Start of EXCERPTED RECORDS

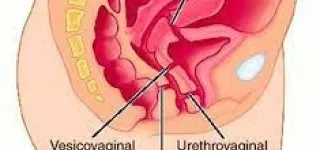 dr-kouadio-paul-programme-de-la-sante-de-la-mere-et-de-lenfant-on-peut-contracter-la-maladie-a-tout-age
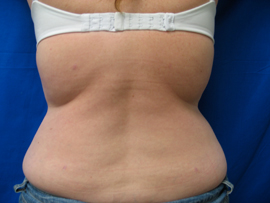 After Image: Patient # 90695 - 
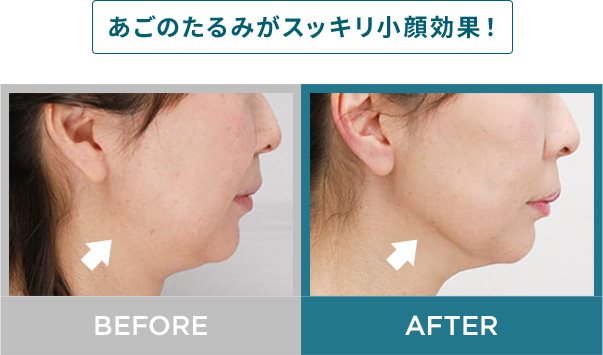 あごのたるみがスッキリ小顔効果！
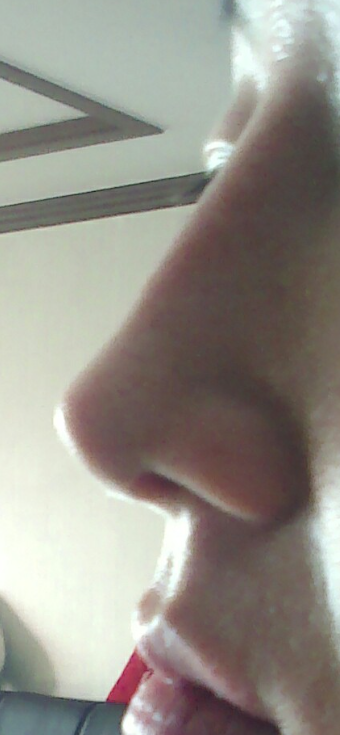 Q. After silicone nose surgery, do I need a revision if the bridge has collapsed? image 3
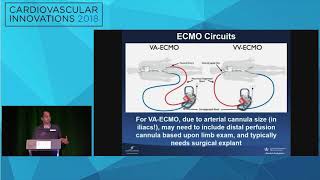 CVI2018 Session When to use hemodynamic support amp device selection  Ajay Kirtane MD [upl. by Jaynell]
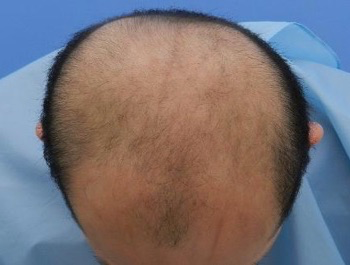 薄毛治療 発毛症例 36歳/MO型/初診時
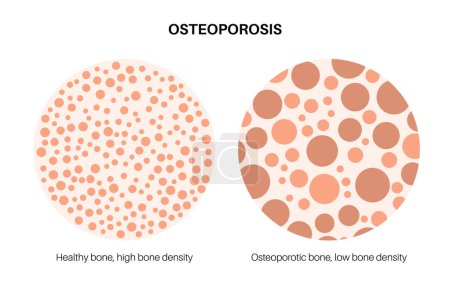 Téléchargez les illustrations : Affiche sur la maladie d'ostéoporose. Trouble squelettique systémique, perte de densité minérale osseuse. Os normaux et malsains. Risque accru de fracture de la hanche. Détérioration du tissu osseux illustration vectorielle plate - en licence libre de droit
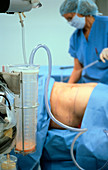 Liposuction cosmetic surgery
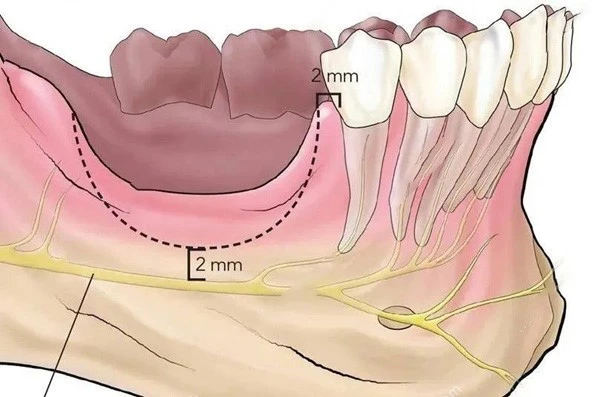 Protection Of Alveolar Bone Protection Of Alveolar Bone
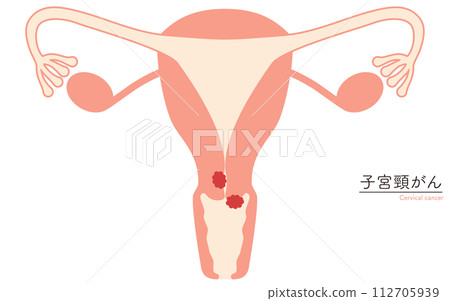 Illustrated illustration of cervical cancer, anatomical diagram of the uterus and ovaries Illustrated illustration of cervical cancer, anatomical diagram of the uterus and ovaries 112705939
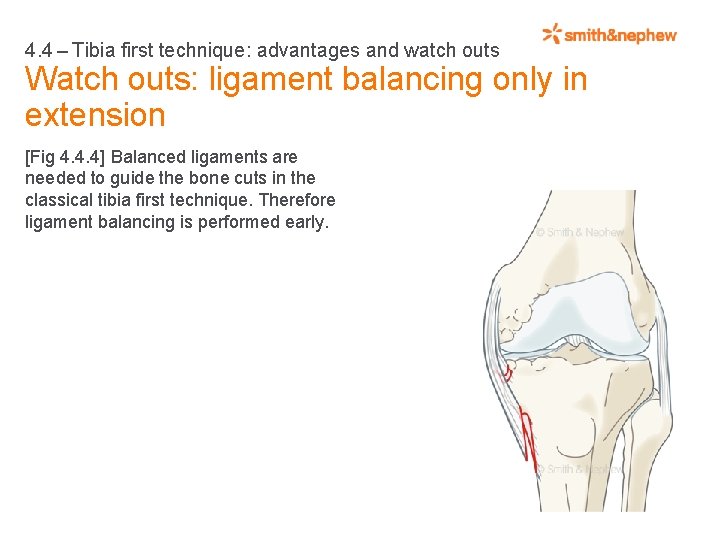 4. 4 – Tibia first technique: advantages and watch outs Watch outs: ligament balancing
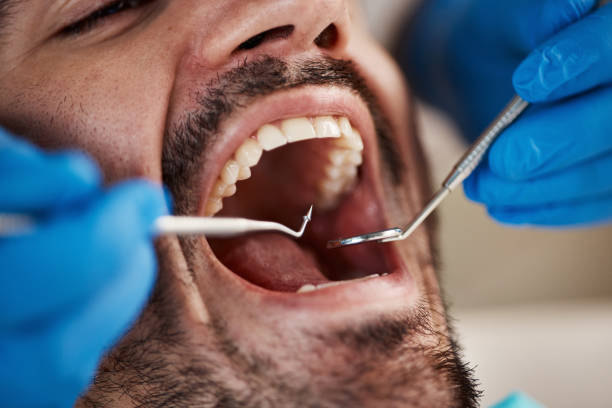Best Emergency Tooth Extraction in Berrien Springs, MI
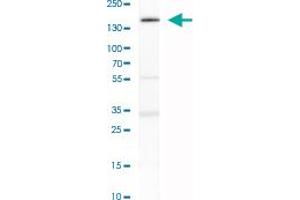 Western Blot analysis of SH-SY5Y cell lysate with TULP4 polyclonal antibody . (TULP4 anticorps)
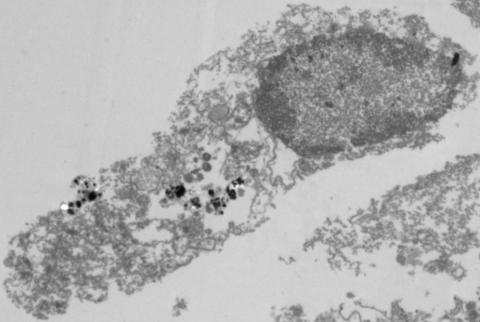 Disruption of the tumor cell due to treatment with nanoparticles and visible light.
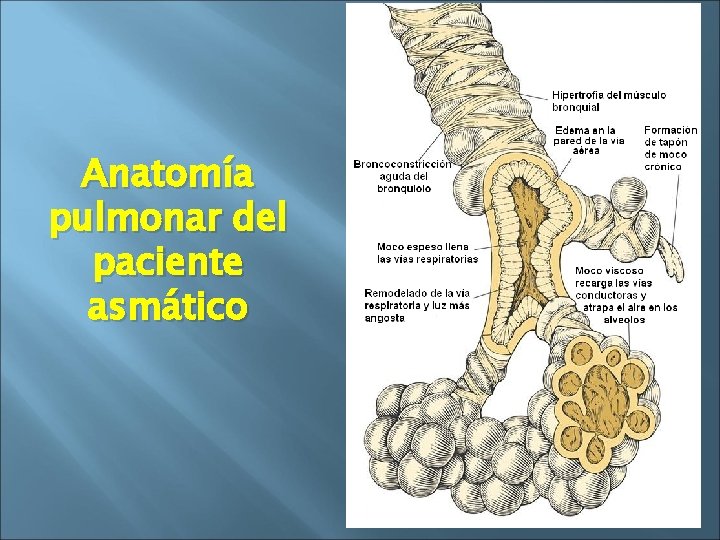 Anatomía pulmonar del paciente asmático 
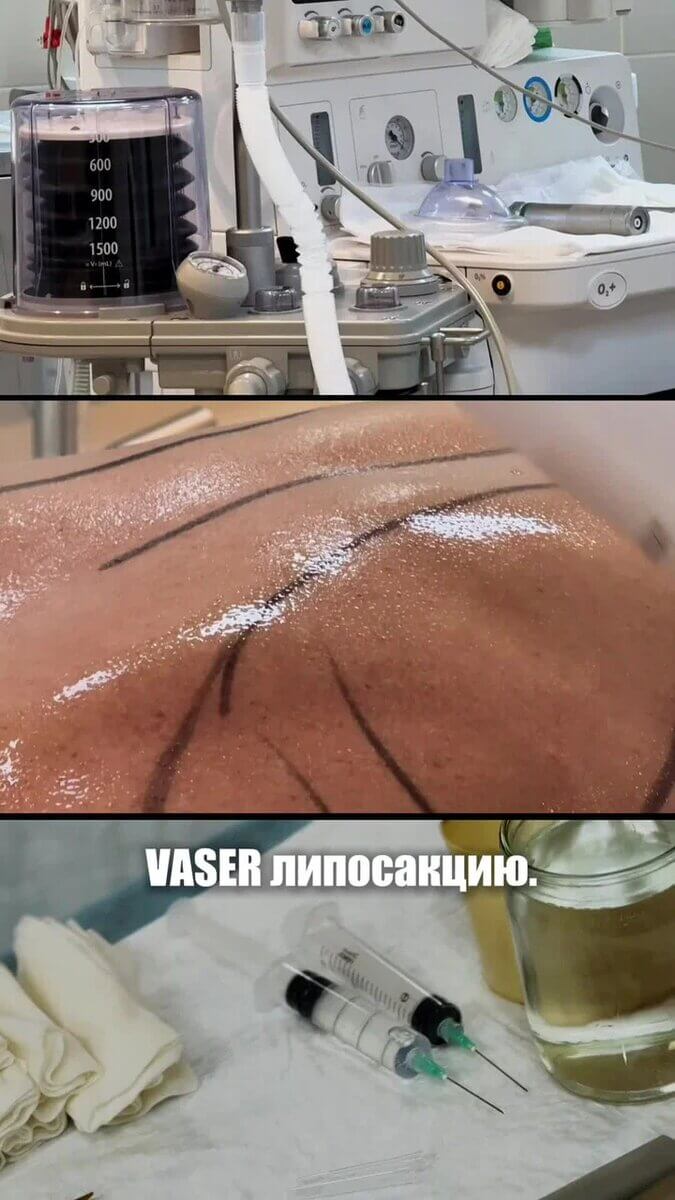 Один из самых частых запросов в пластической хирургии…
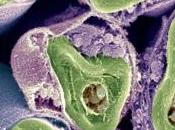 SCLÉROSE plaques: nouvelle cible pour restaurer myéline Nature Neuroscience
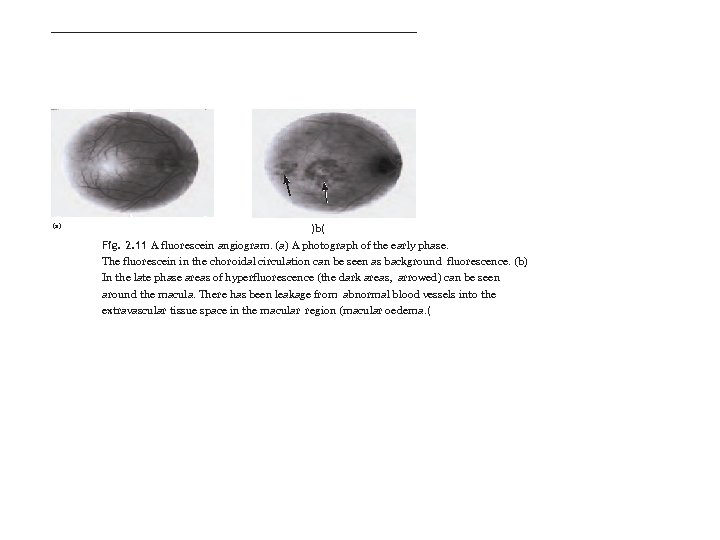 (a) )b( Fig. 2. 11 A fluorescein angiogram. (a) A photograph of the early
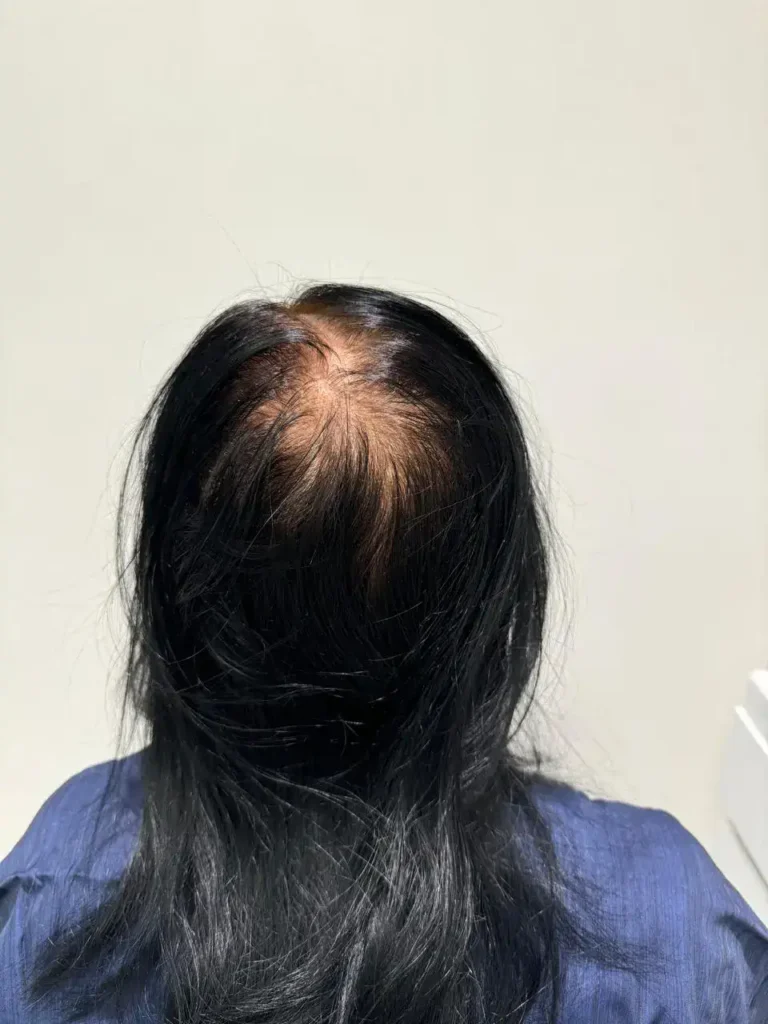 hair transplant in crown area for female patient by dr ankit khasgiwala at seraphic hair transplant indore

End of EXCERPTED RECORDS

## [WORK REQUIRED]
An exact copy of each entry is required, minus the pictures.

## [SOLUTION TO THIS TASK]
 dr-kouadio-paul-programme-de-la-sante-de-la-mere-et-de-lenfant-on-peut-contracter-la-maladie-a-tout-age
 After Image: Patient # 90695 - 
 あごのたるみがスッキリ小顔効果！
 Q. After silicone nose surgery, do I need a revision if the bridge has collapsed? image 3
 CVI2018 Session When to use hemodynamic support amp device selection  Ajay Kirtane MD [upl. by Jaynell]
 薄毛治療 発毛症例 36歳/MO型/初診時
 Téléchargez les illustrations : Affiche sur la maladie d'ostéoporose. Trouble squelettique systémique, perte de densité minérale osseuse. Os normaux et malsains. Risque accru de fracture de la hanche. Détérioration du tissu osseux illustration vectorielle plate - en licence libre de droit
 Liposuction cosmetic surgery
 Protection Of Alveolar Bone Protection Of Alveolar Bone
 Illustrated illustration of cervical cancer, anatomical diagram of the uterus and ovaries Illustrated illustration of cervical cancer, anatomical diagram of the uterus and ovaries 112705939
 4. 4 – Tibia first technique: advantages and watch outs Watch outs: ligament balancing
Best Emergency Tooth Extraction in Berrien Springs, MI
 Western Blot analysis of SH-SY5Y cell lysate with TULP4 polyclonal antibody . (TULP4 anticorps)
 Disruption of the tumor cell due to treatment with nanoparticles and visible light.
 Anatomía pulmonar del paciente asmático 
 Один из самых частых запросов в пластической хирургии…
 SCLÉROSE plaques: nouvelle cible pour restaurer myéline Nature Neuroscience
 (a) )b( Fig. 2. 11 A fluorescein angiogram. (a) A photograph of the early
 hair transplant in crown area for female patient by dr ankit khasgiwala at seraphic hair transplant indore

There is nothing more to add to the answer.